25La manière d’être du thérapeute est ici essentielle, et il doit spécialement être attentif à tout ce qui émane de sa personne dans le registre non verbal. Sa posture, sa gestuelle, son visage, son regard, le ton de sa voix, ses modalités d’intervention, impressionnent fortement ceux qui les observent, le plus souvent d’ailleurs dans un registre implicite, mais dont les conséquences n’en sont pas moins importantes. Bien sûr cette attitude n’est pas exempte d’écueils. Être en empathie avec l’adolescent ne signifie pas compatir avec lui. Cela ne signifie pas non plus avoir une attitude séductrice avec lui. L’accordage ne doit pas perdre de vue l’asymétrie de la relation entre un adulte et un adolescent. Chercher une alliance thérapeutique avec les parents ne signifie pas non plus s’identifier à eux, et susciter alors les provocations de l’adolescent. Mais on doit aussi tout autant éviter une disqualification des parents auxquels serait renvoyée leur incompétence à répondre aux besoins de leur enfant. Il s’agit pour le thérapeute d’avoir en permanence un regard binoculaire capable de mettre le focus sur les échanges qu’il entretient avec l’adolescent, sans perdre de vue l’intersubjectivité dans laquelle il est engagé avec l’ensemble des partenaires. On peut se poser à nouveau la question de la co-thérapie et penser que ce regard binoculaire est plus facile à deux. Cependant, il est par ailleurs plus difficile de travailler sur les émotions, les résonances personnelles et l’empathie, lorsqu’on est deux thérapeutes, sauf si le duo constitué est alors dans une grande complicité, ou dans la possibilité de mettre en scène leurs différences devant la famille, et de résoudre devant les autres protagonistes, les contradictions ou les tensions qui pourraient apparaître entre eux.

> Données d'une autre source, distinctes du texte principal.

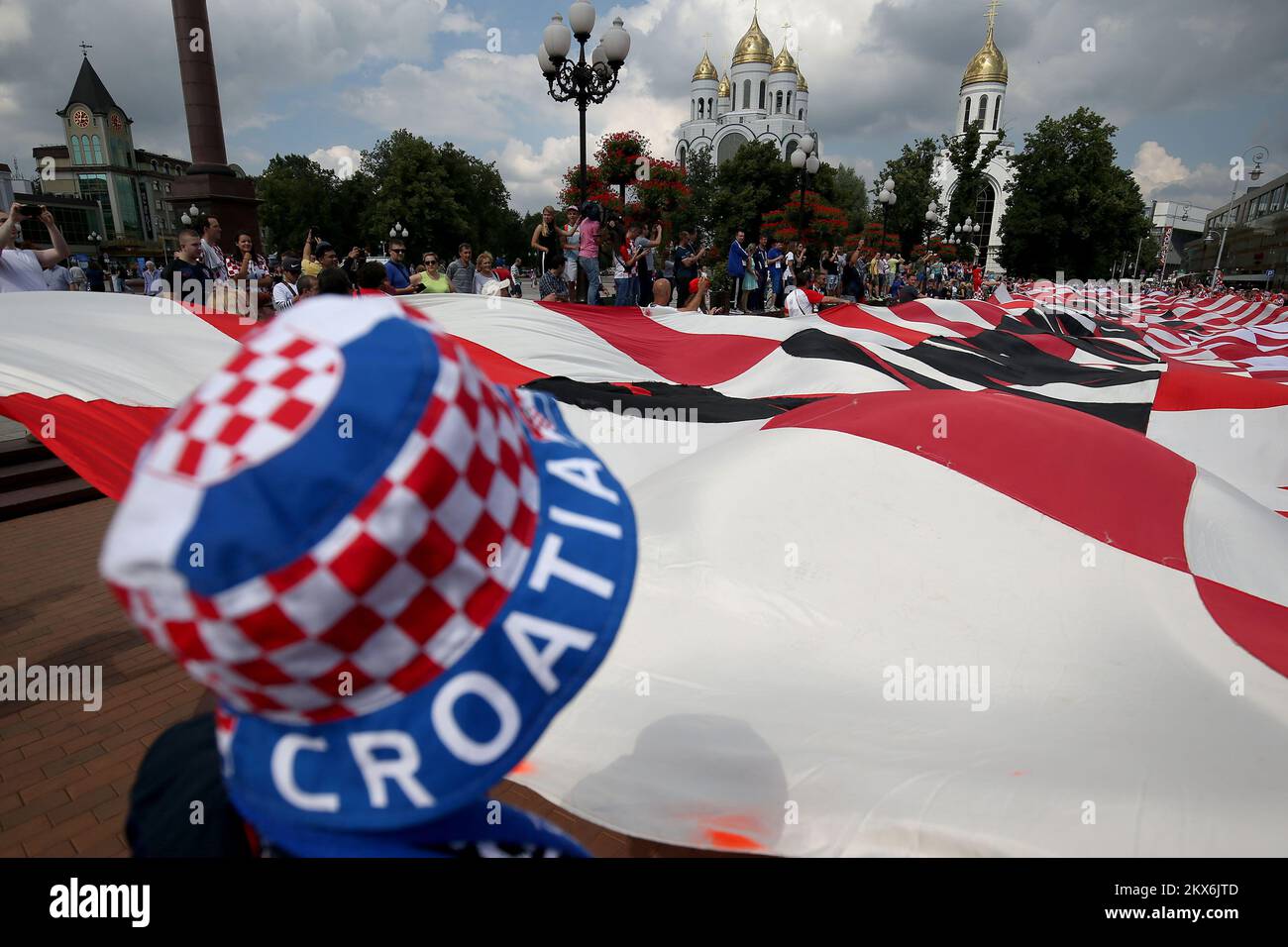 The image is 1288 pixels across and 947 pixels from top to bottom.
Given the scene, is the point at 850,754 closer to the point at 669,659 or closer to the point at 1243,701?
the point at 669,659

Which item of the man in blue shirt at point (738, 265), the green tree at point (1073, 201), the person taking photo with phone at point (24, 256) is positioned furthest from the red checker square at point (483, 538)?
the green tree at point (1073, 201)

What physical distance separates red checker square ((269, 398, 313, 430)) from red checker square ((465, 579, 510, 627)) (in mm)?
256

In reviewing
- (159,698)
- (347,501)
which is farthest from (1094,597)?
(159,698)

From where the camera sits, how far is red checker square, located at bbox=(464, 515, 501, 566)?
A: 75 centimetres

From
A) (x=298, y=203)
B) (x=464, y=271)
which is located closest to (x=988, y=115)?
(x=298, y=203)

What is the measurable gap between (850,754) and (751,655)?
16.5 inches

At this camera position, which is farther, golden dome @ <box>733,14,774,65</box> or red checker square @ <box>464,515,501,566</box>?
golden dome @ <box>733,14,774,65</box>

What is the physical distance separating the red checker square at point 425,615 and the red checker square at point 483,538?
2.4 inches

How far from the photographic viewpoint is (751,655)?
2234 mm

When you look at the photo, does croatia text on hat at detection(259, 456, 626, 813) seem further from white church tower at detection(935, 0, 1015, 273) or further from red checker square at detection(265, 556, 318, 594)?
white church tower at detection(935, 0, 1015, 273)

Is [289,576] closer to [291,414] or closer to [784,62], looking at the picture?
[291,414]

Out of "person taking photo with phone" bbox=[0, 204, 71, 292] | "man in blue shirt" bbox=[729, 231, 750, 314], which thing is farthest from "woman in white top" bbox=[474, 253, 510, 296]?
"person taking photo with phone" bbox=[0, 204, 71, 292]

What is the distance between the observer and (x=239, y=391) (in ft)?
2.18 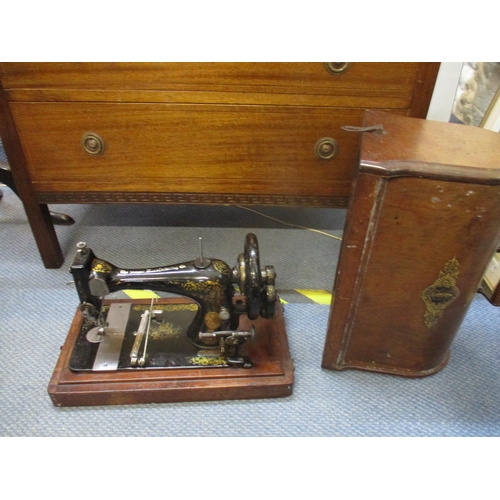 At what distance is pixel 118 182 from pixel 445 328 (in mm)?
980

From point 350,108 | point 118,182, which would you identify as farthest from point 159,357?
point 350,108

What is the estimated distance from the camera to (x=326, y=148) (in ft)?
4.07

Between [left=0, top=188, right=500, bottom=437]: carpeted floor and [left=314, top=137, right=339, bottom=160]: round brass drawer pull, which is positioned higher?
[left=314, top=137, right=339, bottom=160]: round brass drawer pull

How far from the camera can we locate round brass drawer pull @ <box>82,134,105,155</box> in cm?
123

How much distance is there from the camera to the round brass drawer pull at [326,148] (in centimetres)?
123

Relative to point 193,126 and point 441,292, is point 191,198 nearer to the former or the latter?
point 193,126

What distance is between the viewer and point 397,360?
1211mm

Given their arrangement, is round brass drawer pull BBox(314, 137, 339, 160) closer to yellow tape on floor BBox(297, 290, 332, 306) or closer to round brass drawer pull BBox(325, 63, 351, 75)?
round brass drawer pull BBox(325, 63, 351, 75)

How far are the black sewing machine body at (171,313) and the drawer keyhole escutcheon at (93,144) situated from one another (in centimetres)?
36

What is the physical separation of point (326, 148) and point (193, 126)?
0.37 meters

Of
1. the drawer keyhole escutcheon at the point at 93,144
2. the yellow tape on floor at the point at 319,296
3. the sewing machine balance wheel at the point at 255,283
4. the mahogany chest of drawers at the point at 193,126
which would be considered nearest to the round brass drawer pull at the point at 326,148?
the mahogany chest of drawers at the point at 193,126

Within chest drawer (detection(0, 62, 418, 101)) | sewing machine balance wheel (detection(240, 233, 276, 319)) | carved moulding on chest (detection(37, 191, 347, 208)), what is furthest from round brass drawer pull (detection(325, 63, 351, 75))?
sewing machine balance wheel (detection(240, 233, 276, 319))

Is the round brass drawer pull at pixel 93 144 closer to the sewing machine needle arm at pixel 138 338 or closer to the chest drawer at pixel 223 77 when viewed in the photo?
the chest drawer at pixel 223 77

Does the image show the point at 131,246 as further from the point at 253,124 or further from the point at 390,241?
the point at 390,241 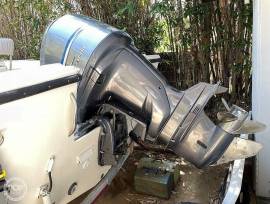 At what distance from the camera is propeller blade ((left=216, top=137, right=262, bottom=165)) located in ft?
5.20

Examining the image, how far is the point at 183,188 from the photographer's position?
7.63 feet

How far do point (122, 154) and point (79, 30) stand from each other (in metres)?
0.69

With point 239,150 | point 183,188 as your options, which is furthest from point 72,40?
point 183,188

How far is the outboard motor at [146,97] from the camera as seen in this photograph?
1.55 m

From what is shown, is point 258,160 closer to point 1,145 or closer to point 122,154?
point 122,154

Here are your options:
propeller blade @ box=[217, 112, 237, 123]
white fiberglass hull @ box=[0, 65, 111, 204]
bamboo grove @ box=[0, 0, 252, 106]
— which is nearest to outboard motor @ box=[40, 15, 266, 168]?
propeller blade @ box=[217, 112, 237, 123]

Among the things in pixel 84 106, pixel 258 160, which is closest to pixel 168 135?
pixel 84 106

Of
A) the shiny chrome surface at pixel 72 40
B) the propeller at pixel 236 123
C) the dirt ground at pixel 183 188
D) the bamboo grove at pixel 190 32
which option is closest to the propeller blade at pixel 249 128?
the propeller at pixel 236 123

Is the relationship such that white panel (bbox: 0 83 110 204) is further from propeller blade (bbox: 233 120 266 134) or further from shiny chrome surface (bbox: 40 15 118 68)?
propeller blade (bbox: 233 120 266 134)

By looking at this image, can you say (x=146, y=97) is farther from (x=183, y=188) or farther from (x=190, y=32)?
(x=190, y=32)

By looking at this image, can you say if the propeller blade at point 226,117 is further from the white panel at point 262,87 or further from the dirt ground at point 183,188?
the dirt ground at point 183,188

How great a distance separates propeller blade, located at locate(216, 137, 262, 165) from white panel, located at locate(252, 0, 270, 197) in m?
0.46

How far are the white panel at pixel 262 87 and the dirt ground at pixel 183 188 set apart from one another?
33cm

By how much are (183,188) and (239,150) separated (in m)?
0.82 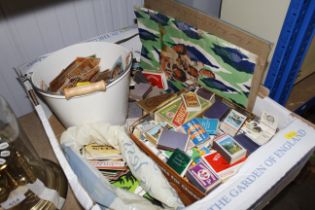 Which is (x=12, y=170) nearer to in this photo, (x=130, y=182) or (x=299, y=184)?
(x=130, y=182)

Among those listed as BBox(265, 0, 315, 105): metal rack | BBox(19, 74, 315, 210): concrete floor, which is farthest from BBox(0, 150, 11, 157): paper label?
BBox(19, 74, 315, 210): concrete floor

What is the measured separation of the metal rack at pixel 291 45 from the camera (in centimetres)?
73

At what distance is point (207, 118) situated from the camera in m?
0.73

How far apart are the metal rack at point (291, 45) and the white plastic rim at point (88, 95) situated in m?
0.47

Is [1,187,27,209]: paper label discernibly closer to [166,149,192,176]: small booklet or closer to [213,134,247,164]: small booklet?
[166,149,192,176]: small booklet

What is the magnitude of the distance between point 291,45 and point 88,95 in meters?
0.62

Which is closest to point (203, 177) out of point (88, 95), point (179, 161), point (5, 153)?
point (179, 161)

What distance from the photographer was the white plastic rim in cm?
64

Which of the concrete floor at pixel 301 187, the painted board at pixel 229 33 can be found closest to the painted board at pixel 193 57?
the painted board at pixel 229 33

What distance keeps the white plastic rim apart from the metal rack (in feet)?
1.56

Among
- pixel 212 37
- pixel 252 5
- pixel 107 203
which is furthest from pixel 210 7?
pixel 107 203

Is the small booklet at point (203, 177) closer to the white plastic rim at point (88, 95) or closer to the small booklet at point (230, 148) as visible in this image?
the small booklet at point (230, 148)

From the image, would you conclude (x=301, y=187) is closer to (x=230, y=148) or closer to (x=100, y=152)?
(x=230, y=148)

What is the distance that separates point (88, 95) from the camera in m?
0.62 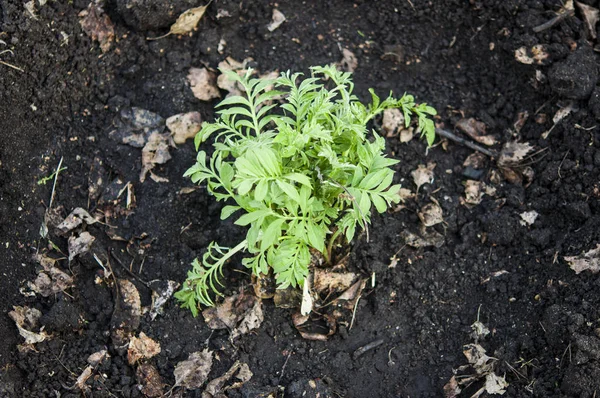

26On peut finalement résumer l’attitude du thérapeute soucieux de travailler à l’instauration d’une suffisante sécurité dans la famille à l’aide des trois dimensions évoquées par R. Scelles dans un article centré sur la prise en charge du handicap (Scelles, Korff-Sausse, 2011), mais à mon sens tout à fait appropriées chaque fois qu’il est question d’une contenance défaillante :

  • La dimension « phorique » permet au thérapeute de « porter l’émotion de l’autre pour l’autre » (Scelles, Korff-Sausse, 2011). Il s’agit ici de pouvoir recevoir les émotions négatives de l’adolescent et des autres dans la famille, accepter, tenir en soi-même un sentiment de malaise qui ne manque pas de naître dans des relations avec une famille comme celle d’Octave.
  • La dimension « sémaphorique » consiste à pouvoir dégager ce qui fait saillance dans les interactions conflictuelles, contradictoires et chaotiques des uns et des autres. Ce n’est pas d’un travail d’interprétation dont il est question. Il s’agit d’une activité narrative au cours de laquelle le thérapeute aide à l’élaboration d’une lecture, d’un ordonnancement, d’une organisation de la vie émotionnelle qui se manifeste dans les échanges et que le thérapeute s’est efforcé de « sentir » dans la dimension précédente. Une importance particulière est, de ce point de vue, accordée à ce qui est observé dans la réalité interactionnelle. Cette observation concerne deux registres : celui de l’explicite, c’est-à-dire de ce qui est exprimé intentionnellement avec les paroles et avec les attitudes et la gestuelle qui les accompagne ; celui de l’implicite toujours fortement concerné dans le fonctionnement limite, souvent non congruent avec le registre explicite, chargé en émotions complexes et contradictoires, voire traumatiques, communiquées de manière non intentionnelle parce qu’en lieu et place de ce qui ne peut être pensé ou exprimé avec des mots.
  • La dimension « métaphorique » doit précisément permettre la mobilisation des processus de pensée des uns et des autres, c’est-à-dire de s’orienter vers un travail de mentalisation. Il est question ici d’une possible mise en acte de son ressenti par le thérapeute, en opérant des changements de place ou de distance entre les partenaires lors de moments émotionnellement chargés, ou en utilisant un objet médiateur comme une chaise vide pour représenter par exemple une personne absente, mais pourtant « pesante » (Goldbeter-Merinfeld, 1994) dans la vie de l’adolescent et/ou de la famille.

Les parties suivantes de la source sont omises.